In Focus: FDIC Plan that Failed Revives to Applause As Cost Falls

Last year the Federal Deposit Insurance Corp. killed a plan to simplify the insurance rules on joint and some trust accounts. But when the agency resurrected the very same proposal last week, the plan was expected to fly, even though it would widen the government's safety net.

What revived it? A hefty reduction in the proposal's estimated price tag-from $22 billion to about $80,000 for the joint account change-and a promise from new agency Chairman Donna A. Tanoue that the plan is an anomaly.

"These actions are not the start of a trend in expanding deposit insurance coverage," she said.

Statistically speaking, the two cost estimates-products of two different studies-are not comparable.

Politically speaking, though, that may not matter.

Back in May 1996, the FDIC-which had evidence that some joint and trust account holders were dangerously overestimating their insurance coverage- floated its proposal for the first time.

Under the plan, the maximum insurance coverage on a joint account would rise from $100,000 total to $100,000 per person. Also, siblings and parents would be added to the list of qualified beneficiaries for revocable trust accounts, which are paid out when the owner dies. Beneficiaries are currently limited to spouses, children, and grandchildren.

Public comment letters sent to the agency were "uniformly favorable," according to a postmortem later published in the Federal Register.

Then the FDIC unearthed a 1992 Federal Reserve Board study which suggested that the joint account change alone could expand federally insured deposits by $22 billion.

Fearing political fallout from lawmakers opposed to deposit insurance expansion, FDIC staffers recommended that the agency drop the proposal in favor of a closer study of its potential costs. FDIC board members acquiesced.

"An unintended, significant expansion of deposit insurance coverage at a time that we are focused on limiting the moral hazard of deposit insurance would have been a mistake," former FDIC Chairman Ricki Helfer said at the time.

Recently, the FDIC's research division completed its study of the proposal's cost. Unlike the Fed, which estimated the expansion in federally insured deposits, the FDIC focused on actual bank failures.

As a result, it arrived at a dramatically different conclusion: If the proposed change to the joint account rules had been in effect in 1996, its price tag would have been just $80,000, the lead researcher said.

Even in 1988, the high-water mark for bank failures, the cost to the insurance funds would have been less than $13 million under the rule change.

The FDIC's research division acknowledged its study's imperfections.
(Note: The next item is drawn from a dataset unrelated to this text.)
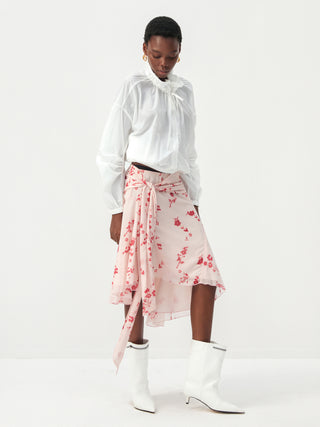 CUBIC Nylon Drawstring Collar Sheer Windbreaker Jacket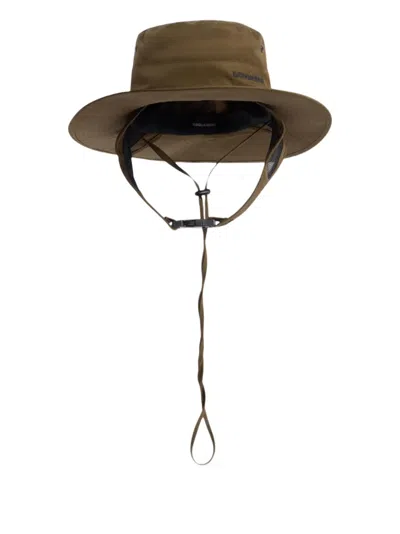 Dsquared2 Logo-embroidered Hat In Brown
Its methodology, for example, did not weigh the revised rule's possible effects on depositor behavior.

But the researchers feel their estimate is reasonably accurate, and the agency is leaning heavily toward approval.

In fact, opponents of the plan may be hard to find.

Bert Ely, a banking consultant who wants to privatize deposit insurance, said the FDIC should go ahead with its simplification plan.

"The administrative savings to small banks alone probably exceeds the $80,000 at least several times," he said.

By contrast, it's not clear that the FDIC's proposal to simplify coverage of in-trust-for accounts will fare as well. Why? Because the FDIC's researchers could not come up with a cost estimate.

And in this debate, numbers make the difference.